Exactly the lines below from the line with "le.coeur blanc /" through the line with "Souris Owlotech M120 avec écran noir Noir" must make up the answer, both ends included and pictures left out.

## Data listing
________

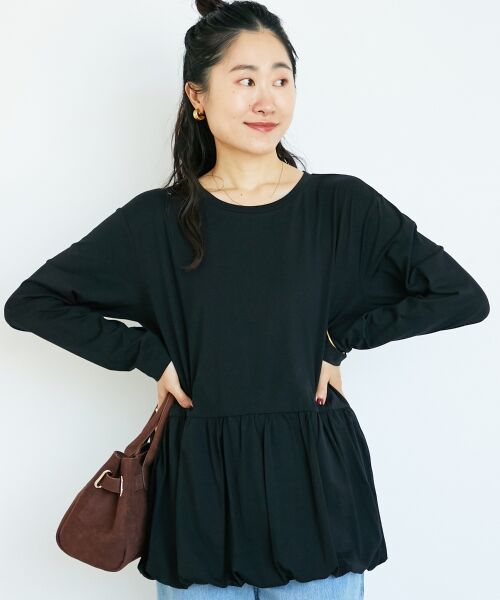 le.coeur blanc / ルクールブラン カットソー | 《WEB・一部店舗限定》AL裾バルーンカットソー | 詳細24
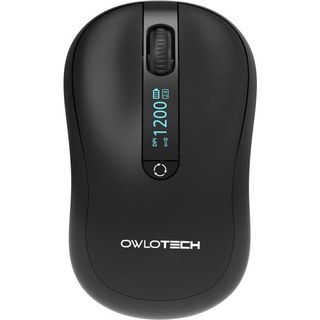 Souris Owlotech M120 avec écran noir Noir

________

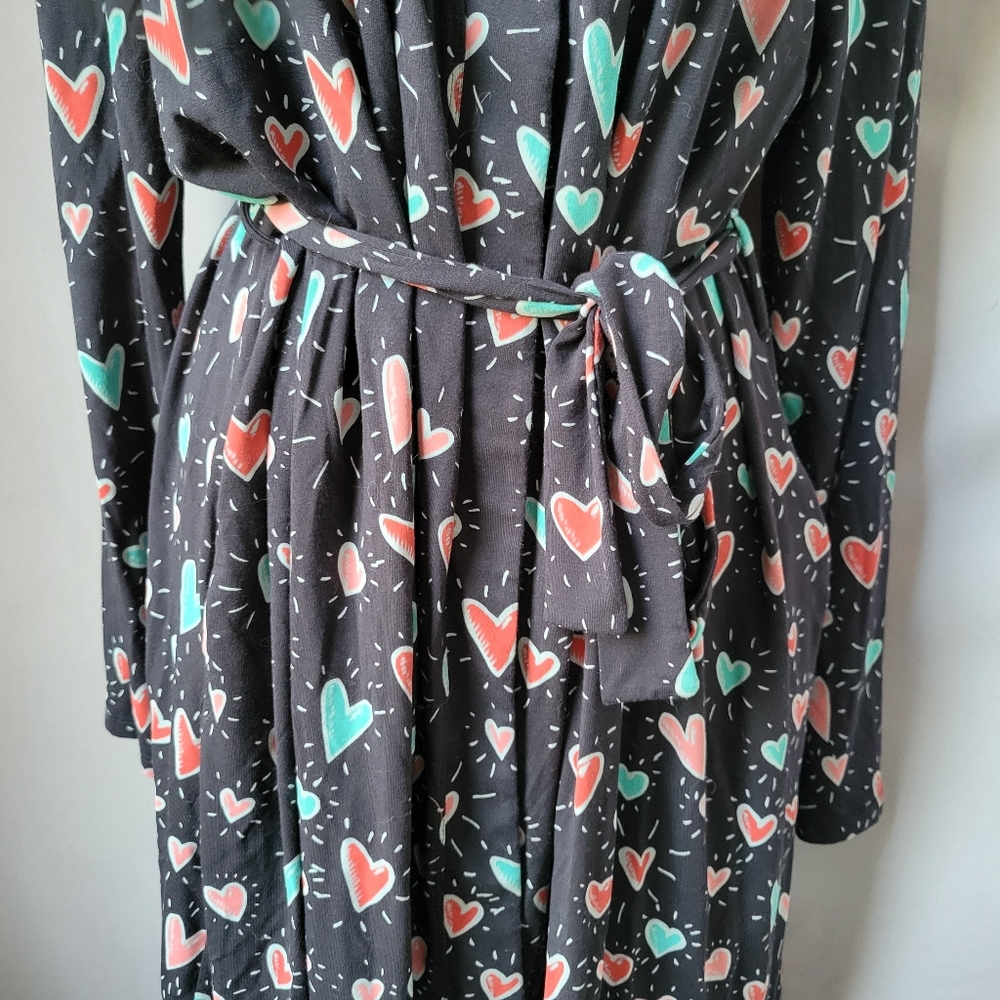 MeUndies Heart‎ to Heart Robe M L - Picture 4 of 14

________

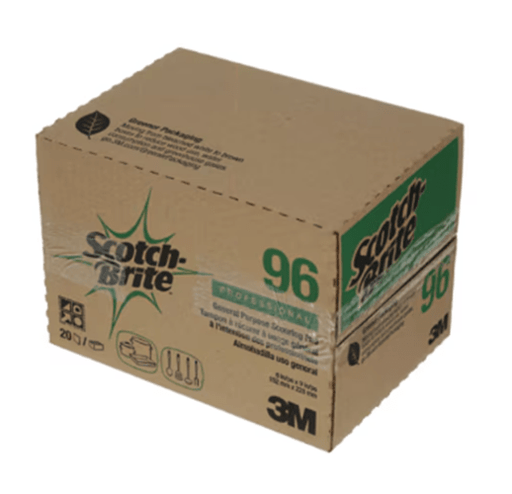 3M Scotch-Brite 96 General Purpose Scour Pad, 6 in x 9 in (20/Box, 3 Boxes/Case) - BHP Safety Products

________

## Output of the task
 le.coeur blanc / ルクールブラン カットソー | 《WEB・一部店舗限定》AL裾バルーンカットソー | 詳細24
 Souris Owlotech M120 avec écran noir Noir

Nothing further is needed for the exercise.